▶ _Data supplied_:
== Segment start ==

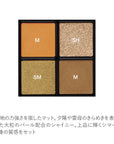 RMK Synchromatic Eyeshadow Palette (2024 AW)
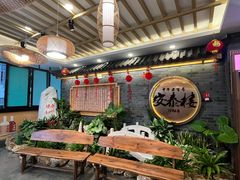 -安泰楼·佛跳墙创始人·传统闽味早茶·酒楼(三坊七巷闽菜地标店)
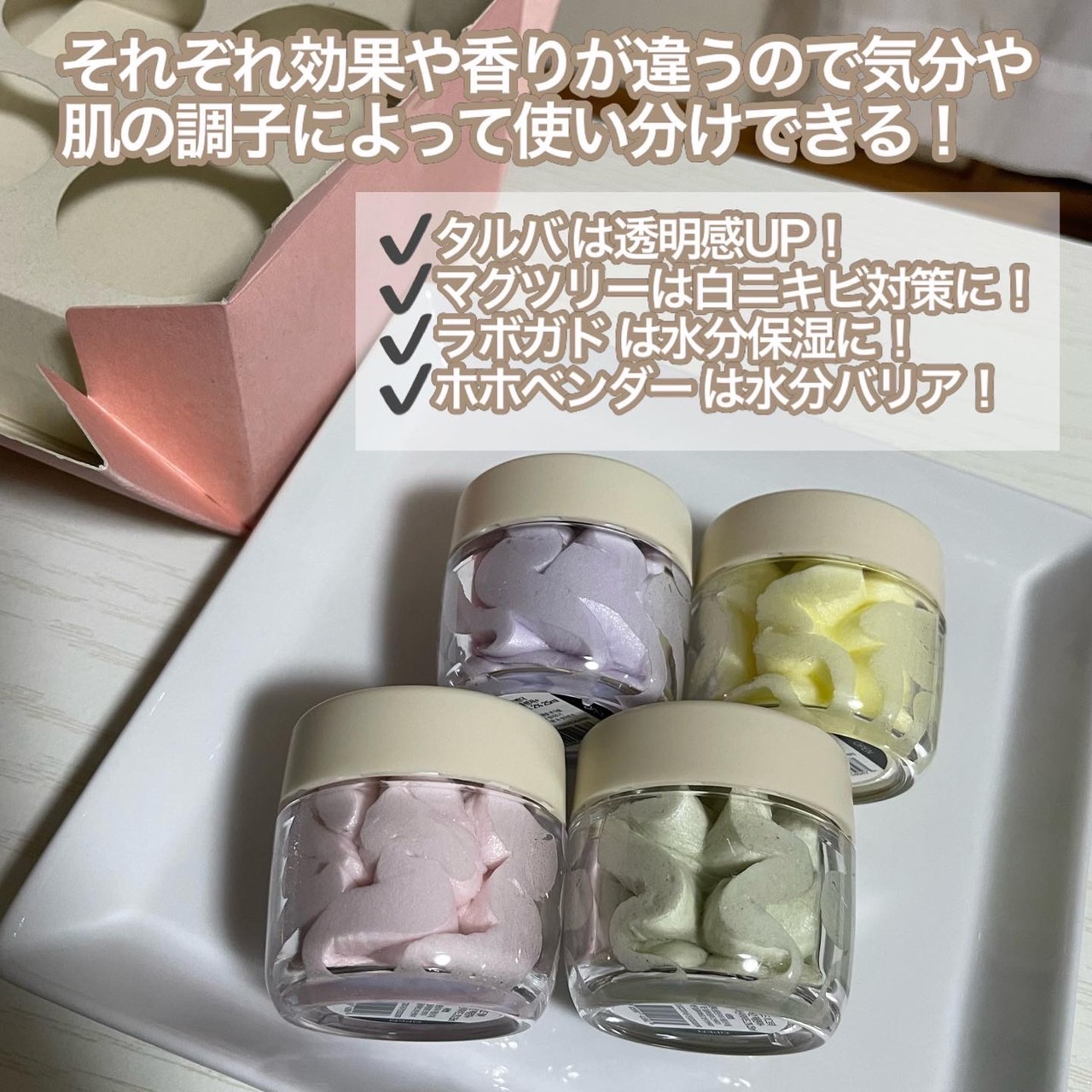 ヴィーガンパッククレンザー/WHIPPED/洗顔フォームを使ったクチコミ（3枚目）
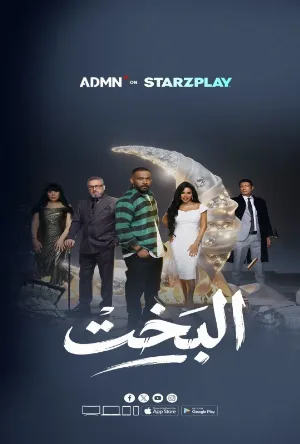 مشاهدة مسلسل البخت 2026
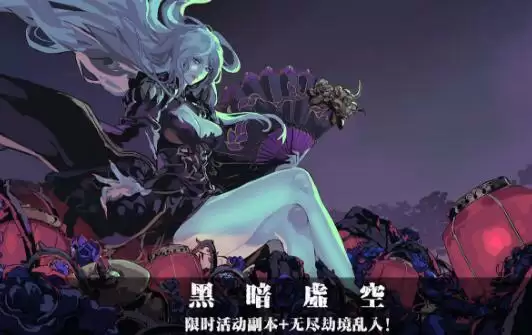 影之刃3黑暗虚空无氪心法技能链搭配及打法攻略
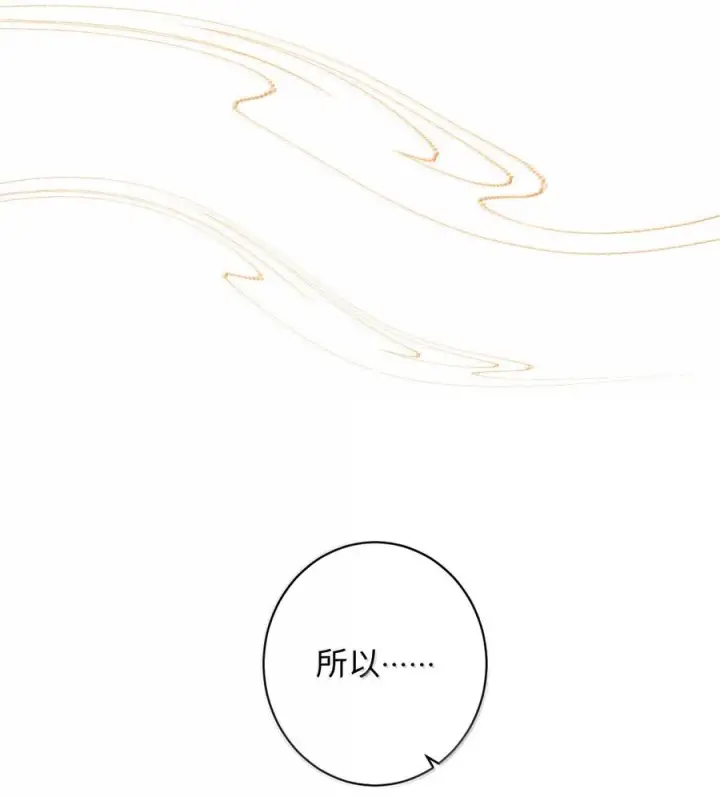 《娇养了个疯批美人儿》075 你当我是什么？图50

== Segment end ==

Every line from the one containing "影之刃3黑暗虚空无氪心法技能链搭配及打法攻略" to the final line of the records must be transcribed exactly, both ends included, with the pictures left out.

 影之刃3黑暗虚空无氪心法技能链搭配及打法攻略
 《娇养了个疯批美人儿》075 你当我是什么？图50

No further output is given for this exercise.